The problem becomes sever when the business logic is collocated with the space and the collection is very large and being updated in very rapid manner or when you write/remove/update large amount of space objects in a single batch that stored collections with large amount of objects.
In such a case, the overhead of the replication and the garbage collection (mainly at the backup space) could be enormous, where the space JVM constructing and removing large amount of objects in very short time. Such a scenario could move the JVM into a “panic mode” – i.e. allocating large amount of memory and releasing it in very short time in a repeated manner. This could happen for relatively large amount of time. During this time the primary space is waiting for the backup space to stabilize, which in turn could stale and halt the clients – A classic ripple affect in a distributed environment.

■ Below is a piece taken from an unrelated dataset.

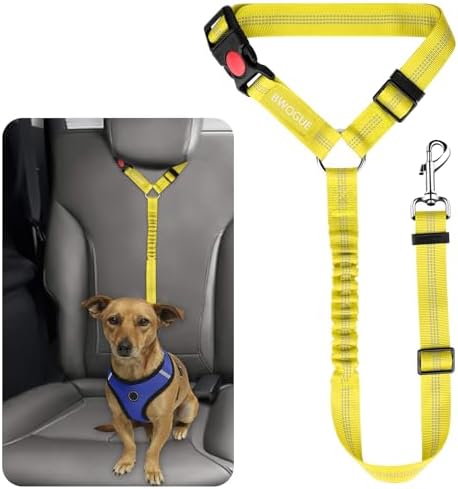 BWOGUE Dog Seat Belt for Car, Headrest Restraint Bungee Lead by BWOGUEPetHome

Here is an example of the memory utilization of a JVM in a “panic mode”:
To eliminate the above problem you should avoid writing/updating/removing large collections as part of the space object. As an alternative you should store a collection of object IDs/proxies and construct the actual collection objects data on-demand. The object data within the collection could be fetched from some external resource such a database (this will allow you also to reduce the overall footprint and memory utilized by the Data-Grid), or fetch it from the space itself. In such a case the actual collection objects will be stored as separate space objects. The readById operation that has been introduced with XAP 7.0 could be very useful in such a case.

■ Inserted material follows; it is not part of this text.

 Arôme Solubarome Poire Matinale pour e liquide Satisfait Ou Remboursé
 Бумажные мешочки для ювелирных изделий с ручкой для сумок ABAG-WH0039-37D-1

Space object with Multiple References to the Same Object
When constructing a Space class object and writing it into a collocated space, from a business logic such as a Task or Service Executor, Polling or Notify container with an embedded space, where the space object fields referencing other objects (different or the same one) be aware that once the space object is being replicated to the backup space, the referenced objects will be serialized separately. This means that the replicated object at the backup space will consume larger amount of memory compared to the original primary copy in case the original object has multiple references to the same object.

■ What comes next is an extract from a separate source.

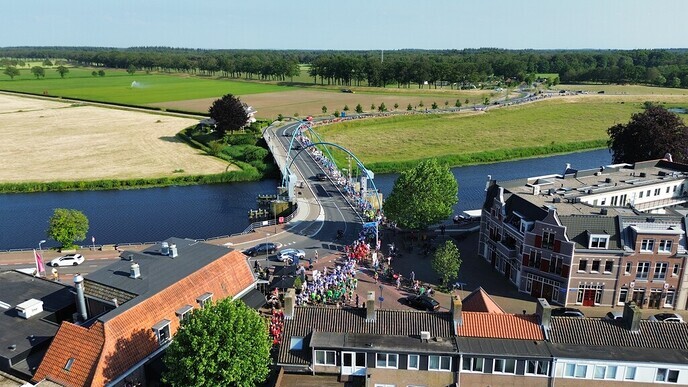Wandel 3 daagse vanuit lucht - Foto: Ingezonden foto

In the same manner a remote client that is writing a space object that has 2 or more root fields pointing to the same object will have the same issue with the primary space (and also the backup space). Within the space, each reference will be translated into a different object, and when the object will be read back from the space, these fields will point to different objects – this means these will be duplicated objects with identical data , but have different reference in memory.
To minimize the extra memory footprint at the backup space and the duplicated objects, make sure you design your Space domain classes to have only a single reference to a particular object. This can be implemented via a getter method that will be used by the relevant business logic or data access method.